Saturday, October 6, 2012

A Story that was Just too Familiar.

Battle Royale.

As a white American male between the ages of 14 and 28 who was overweight for a good portion of my life, I belong to a certain group of people within my generation that appreciates Japanese culture and doesn't see it as alien to American culture, but merely an extension that occasionally gets a little strange. Upon reading the first half (or so) of "Battle Royale", I found nothing to be new from my normal experiences with the "Japanese High School Students with Problems Genre", albeit they were trying to kill each other. I guess I just figured that the character archetypes would have advanced beyond the standard "guy who's too cool to care and his doting protege constantly whining 'senpai this!' and 'senpai that!'", or "the two characters who are totally interested in each other but both are too beta to do anything about it" because, you know... life and death struggle should bring some CRAZY characters to the floor.
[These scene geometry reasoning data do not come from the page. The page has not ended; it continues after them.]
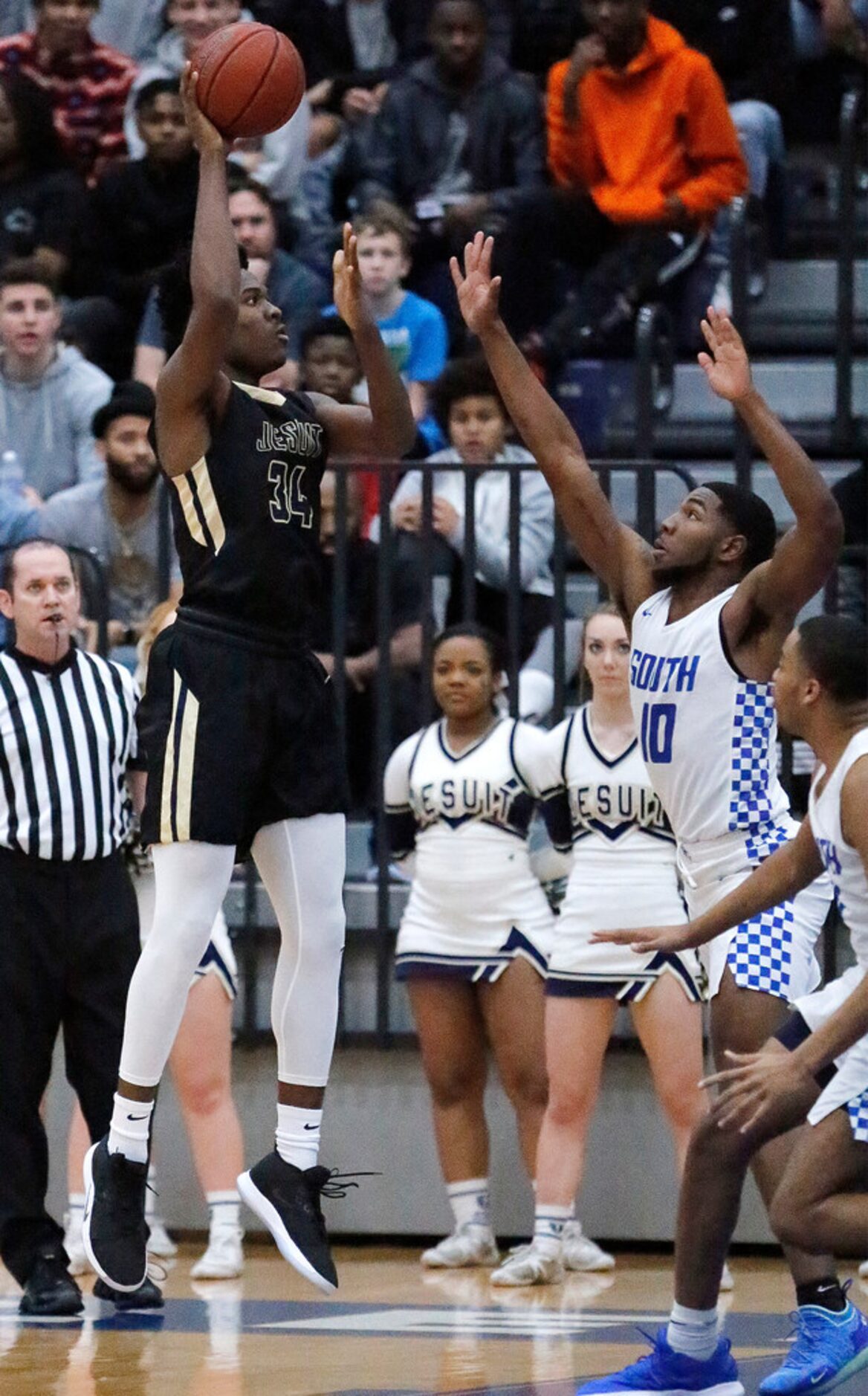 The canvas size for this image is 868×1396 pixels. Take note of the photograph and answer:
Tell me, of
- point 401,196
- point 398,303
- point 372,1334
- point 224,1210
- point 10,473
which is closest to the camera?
point 372,1334

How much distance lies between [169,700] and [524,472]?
325 cm

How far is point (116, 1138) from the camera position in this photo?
18.8 feet

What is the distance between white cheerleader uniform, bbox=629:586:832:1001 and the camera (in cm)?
596

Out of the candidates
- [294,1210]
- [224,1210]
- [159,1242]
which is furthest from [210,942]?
[294,1210]

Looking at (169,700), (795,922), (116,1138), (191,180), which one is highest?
(191,180)

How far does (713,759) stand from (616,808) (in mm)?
1992

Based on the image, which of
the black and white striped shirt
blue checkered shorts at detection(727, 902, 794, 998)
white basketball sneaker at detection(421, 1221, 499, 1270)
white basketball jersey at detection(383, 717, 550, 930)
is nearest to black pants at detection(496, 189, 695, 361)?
white basketball jersey at detection(383, 717, 550, 930)

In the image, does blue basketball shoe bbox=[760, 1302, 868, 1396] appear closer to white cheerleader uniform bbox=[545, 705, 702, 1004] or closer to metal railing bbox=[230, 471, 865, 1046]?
white cheerleader uniform bbox=[545, 705, 702, 1004]

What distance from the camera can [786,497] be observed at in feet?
19.0

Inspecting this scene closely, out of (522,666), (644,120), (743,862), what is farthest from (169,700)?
(644,120)

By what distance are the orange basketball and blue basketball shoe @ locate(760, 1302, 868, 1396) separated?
281 cm

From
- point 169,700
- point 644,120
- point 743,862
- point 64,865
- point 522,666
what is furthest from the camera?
point 644,120

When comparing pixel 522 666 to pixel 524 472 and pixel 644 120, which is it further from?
pixel 644 120

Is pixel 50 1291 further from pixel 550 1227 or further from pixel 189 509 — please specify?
pixel 189 509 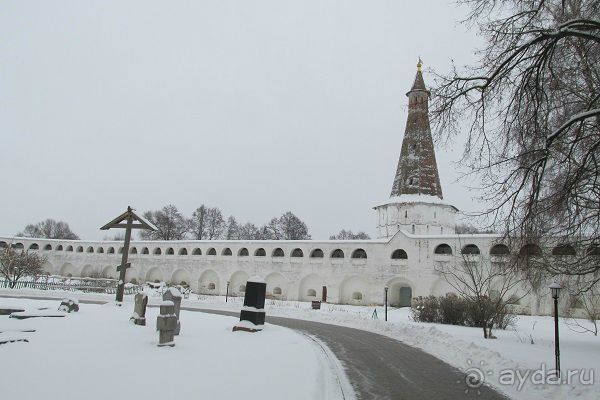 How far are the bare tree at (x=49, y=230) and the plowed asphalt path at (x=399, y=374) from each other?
8796 centimetres

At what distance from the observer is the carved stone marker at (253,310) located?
12.2 m

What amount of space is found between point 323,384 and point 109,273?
45194 millimetres

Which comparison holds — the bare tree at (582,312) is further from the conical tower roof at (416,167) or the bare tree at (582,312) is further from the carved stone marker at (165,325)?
the conical tower roof at (416,167)

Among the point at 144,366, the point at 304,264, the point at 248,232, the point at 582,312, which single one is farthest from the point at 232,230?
the point at 144,366

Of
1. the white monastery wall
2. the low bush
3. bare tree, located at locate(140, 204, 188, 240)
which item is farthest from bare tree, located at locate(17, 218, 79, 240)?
the low bush

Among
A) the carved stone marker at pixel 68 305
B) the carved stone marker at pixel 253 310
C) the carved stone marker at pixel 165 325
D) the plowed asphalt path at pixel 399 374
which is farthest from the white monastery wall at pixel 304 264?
the carved stone marker at pixel 165 325

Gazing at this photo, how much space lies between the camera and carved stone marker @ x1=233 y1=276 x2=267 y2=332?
40.0 ft

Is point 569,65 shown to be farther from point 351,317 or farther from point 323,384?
point 351,317

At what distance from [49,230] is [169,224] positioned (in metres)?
40.7

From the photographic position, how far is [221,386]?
5773 millimetres

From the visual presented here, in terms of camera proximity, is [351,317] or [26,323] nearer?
[26,323]

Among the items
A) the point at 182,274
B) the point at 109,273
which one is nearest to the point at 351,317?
the point at 182,274

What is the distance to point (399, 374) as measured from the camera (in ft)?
26.7

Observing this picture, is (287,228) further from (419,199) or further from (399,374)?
(399,374)
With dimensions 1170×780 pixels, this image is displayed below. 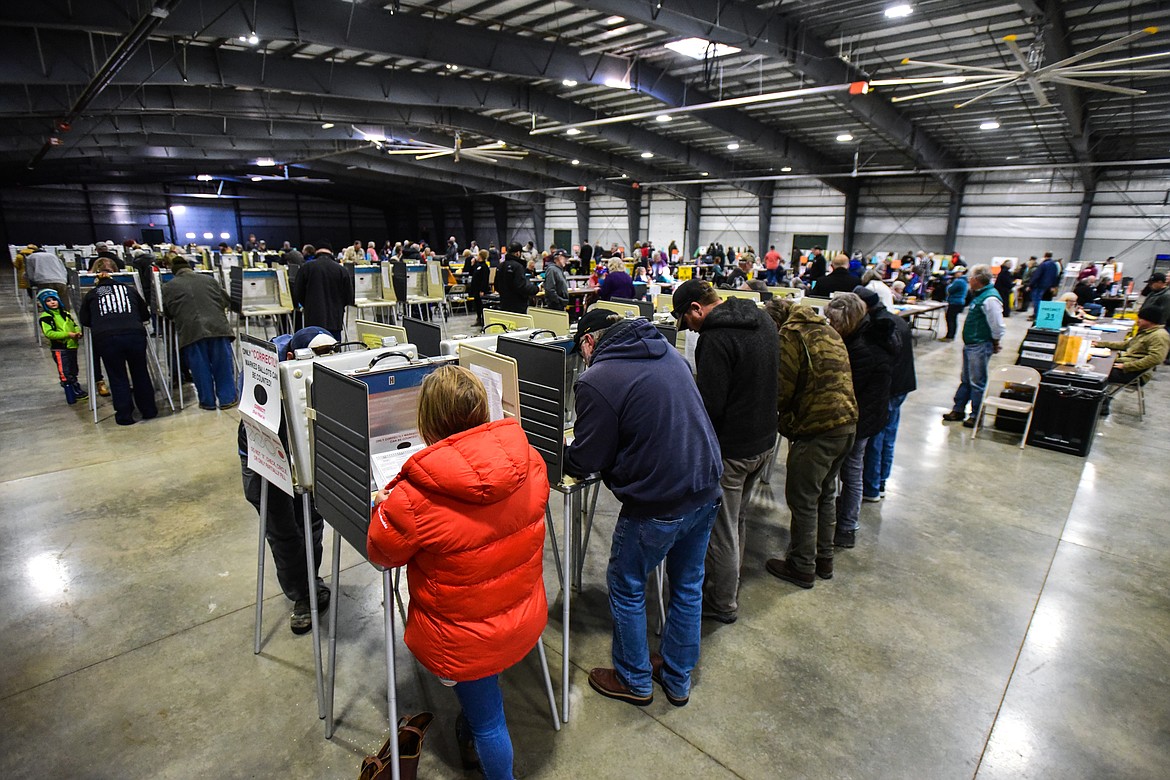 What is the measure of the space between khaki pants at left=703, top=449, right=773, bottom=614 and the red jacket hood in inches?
47.2

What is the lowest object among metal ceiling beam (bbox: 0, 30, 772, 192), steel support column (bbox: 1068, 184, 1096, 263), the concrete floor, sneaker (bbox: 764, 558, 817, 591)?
the concrete floor

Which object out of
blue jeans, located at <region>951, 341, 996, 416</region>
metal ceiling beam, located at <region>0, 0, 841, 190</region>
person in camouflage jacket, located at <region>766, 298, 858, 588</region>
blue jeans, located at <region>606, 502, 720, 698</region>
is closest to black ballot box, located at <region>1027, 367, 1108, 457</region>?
blue jeans, located at <region>951, 341, 996, 416</region>

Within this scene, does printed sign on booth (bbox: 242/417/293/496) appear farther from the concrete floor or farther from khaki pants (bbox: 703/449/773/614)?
khaki pants (bbox: 703/449/773/614)

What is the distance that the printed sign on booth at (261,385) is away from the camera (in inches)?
73.9

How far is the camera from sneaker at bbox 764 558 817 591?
297 centimetres

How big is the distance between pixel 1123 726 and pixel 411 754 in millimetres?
2657

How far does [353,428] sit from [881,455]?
11.8 feet

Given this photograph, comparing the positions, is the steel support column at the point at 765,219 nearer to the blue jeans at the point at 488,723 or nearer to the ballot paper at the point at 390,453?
the ballot paper at the point at 390,453

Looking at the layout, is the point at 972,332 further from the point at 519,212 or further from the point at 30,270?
the point at 519,212

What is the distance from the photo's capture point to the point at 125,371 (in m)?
5.05

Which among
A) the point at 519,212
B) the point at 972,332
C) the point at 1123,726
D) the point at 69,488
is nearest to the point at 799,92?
the point at 972,332

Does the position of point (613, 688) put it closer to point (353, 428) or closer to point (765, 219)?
point (353, 428)

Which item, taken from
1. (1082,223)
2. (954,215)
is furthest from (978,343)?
(954,215)

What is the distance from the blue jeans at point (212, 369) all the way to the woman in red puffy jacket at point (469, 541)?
16.5 feet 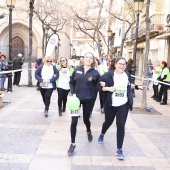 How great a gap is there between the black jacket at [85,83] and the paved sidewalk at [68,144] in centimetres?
96

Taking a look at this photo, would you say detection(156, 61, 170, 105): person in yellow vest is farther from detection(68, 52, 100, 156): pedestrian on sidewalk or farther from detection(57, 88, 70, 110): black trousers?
detection(68, 52, 100, 156): pedestrian on sidewalk

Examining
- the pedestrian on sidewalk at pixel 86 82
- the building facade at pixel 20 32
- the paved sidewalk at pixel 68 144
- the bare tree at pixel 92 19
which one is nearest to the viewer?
the paved sidewalk at pixel 68 144

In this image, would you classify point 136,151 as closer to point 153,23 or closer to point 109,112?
point 109,112

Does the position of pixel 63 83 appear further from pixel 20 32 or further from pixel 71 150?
pixel 20 32

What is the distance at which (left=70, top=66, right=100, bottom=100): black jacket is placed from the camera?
507cm

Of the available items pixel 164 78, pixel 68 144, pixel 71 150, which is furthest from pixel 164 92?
pixel 71 150

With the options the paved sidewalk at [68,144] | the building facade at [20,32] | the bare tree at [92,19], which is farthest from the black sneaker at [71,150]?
the building facade at [20,32]

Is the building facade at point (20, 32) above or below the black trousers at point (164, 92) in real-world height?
above

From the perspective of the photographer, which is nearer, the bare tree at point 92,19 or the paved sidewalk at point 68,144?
the paved sidewalk at point 68,144

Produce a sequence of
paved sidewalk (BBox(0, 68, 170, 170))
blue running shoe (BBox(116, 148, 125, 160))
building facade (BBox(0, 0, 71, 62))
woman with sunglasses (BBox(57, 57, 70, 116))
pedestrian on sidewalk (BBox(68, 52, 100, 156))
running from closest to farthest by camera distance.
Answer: paved sidewalk (BBox(0, 68, 170, 170)) → blue running shoe (BBox(116, 148, 125, 160)) → pedestrian on sidewalk (BBox(68, 52, 100, 156)) → woman with sunglasses (BBox(57, 57, 70, 116)) → building facade (BBox(0, 0, 71, 62))

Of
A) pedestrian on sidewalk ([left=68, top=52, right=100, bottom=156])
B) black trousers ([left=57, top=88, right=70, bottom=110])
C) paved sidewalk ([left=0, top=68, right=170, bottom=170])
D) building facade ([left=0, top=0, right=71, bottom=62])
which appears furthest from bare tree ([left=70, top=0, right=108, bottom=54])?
pedestrian on sidewalk ([left=68, top=52, right=100, bottom=156])

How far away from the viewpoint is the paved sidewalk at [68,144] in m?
4.39

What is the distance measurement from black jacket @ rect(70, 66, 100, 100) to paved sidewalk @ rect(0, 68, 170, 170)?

Moving on to the actual story, though, I loved the introduction of the book and how the author set everything up; the totalitarian regime, the unannounced class trip, gassing the bus -- all things that I felt really fit in the universe that had been laid out in front of me. It was after the briefing, though, that my brow frequently began to furrow. I mean really, the weapon that each student receives is totally random? I thought it was a bit ridiculous that there was no drawing of a line at the minimum quality that a weapon could be (I'm talking, of course, about the paper fan). That's just... not fair. Funny, but not fair.